#### [Task brief]
Write the listing out again word for word, skipping each picture.

Data START

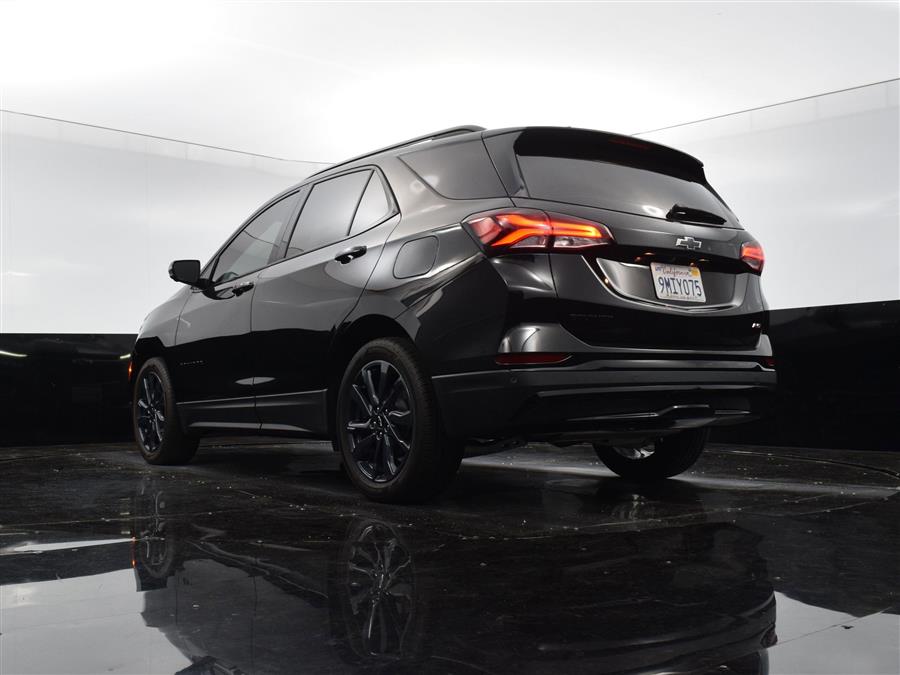 2024 Chevrolet Equinox RS photo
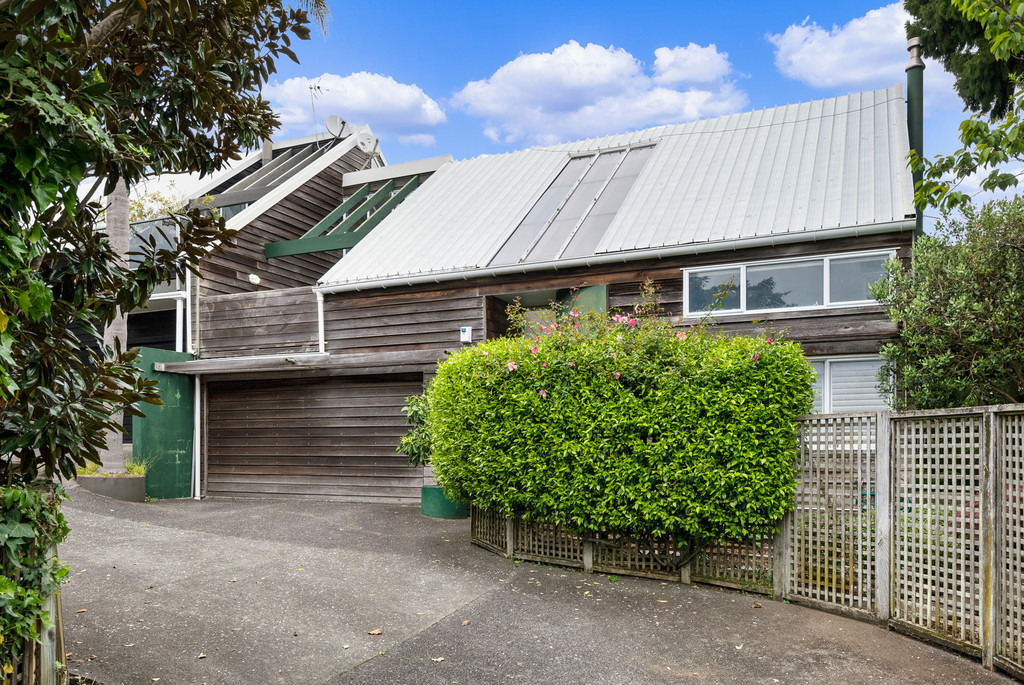 Vacant Possession. Simon Carnachan Designed Home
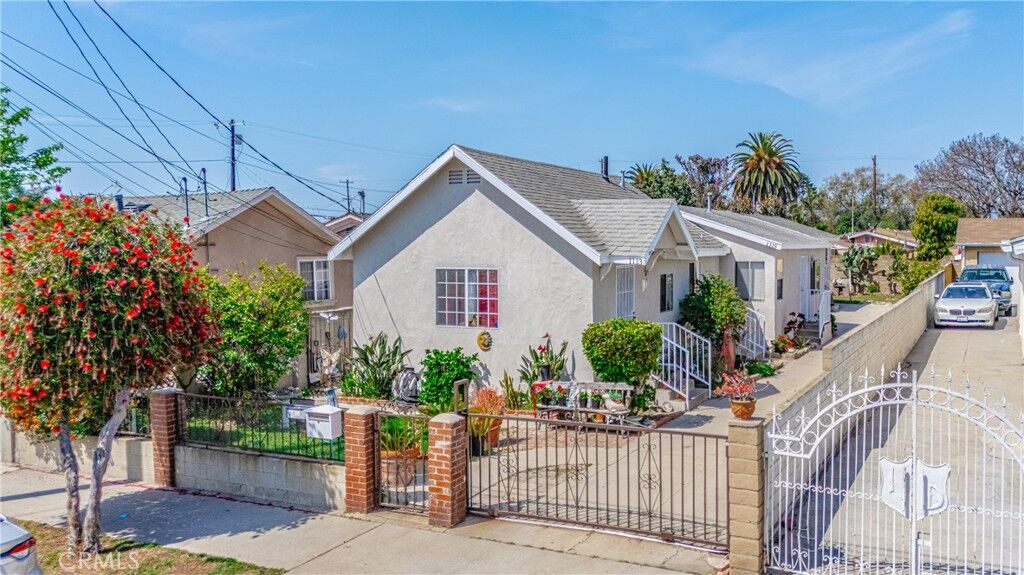 Property Photo:  1113 Flint Avenue  CA 90744 
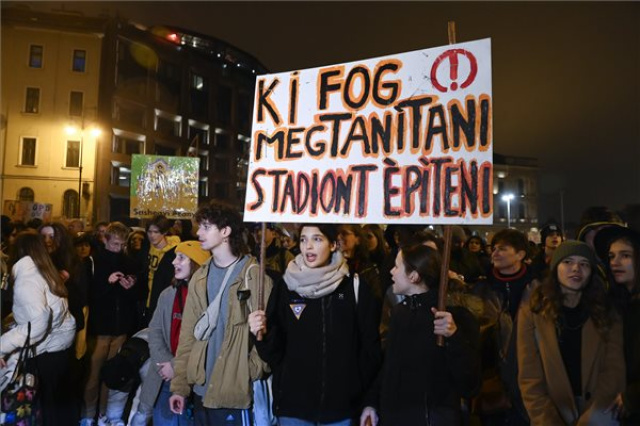 Már nem csak béremelésért, oktatási reformért is tüntettek Budapesten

Data END

#### [Solution for this problem]
 2024 Chevrolet Equinox RS photo
 Vacant Possession. Simon Carnachan Designed Home
 Property Photo:  1113 Flint Avenue  CA 90744 
 Már nem csak béremelésért, oktatási reformért is tüntettek Budapesten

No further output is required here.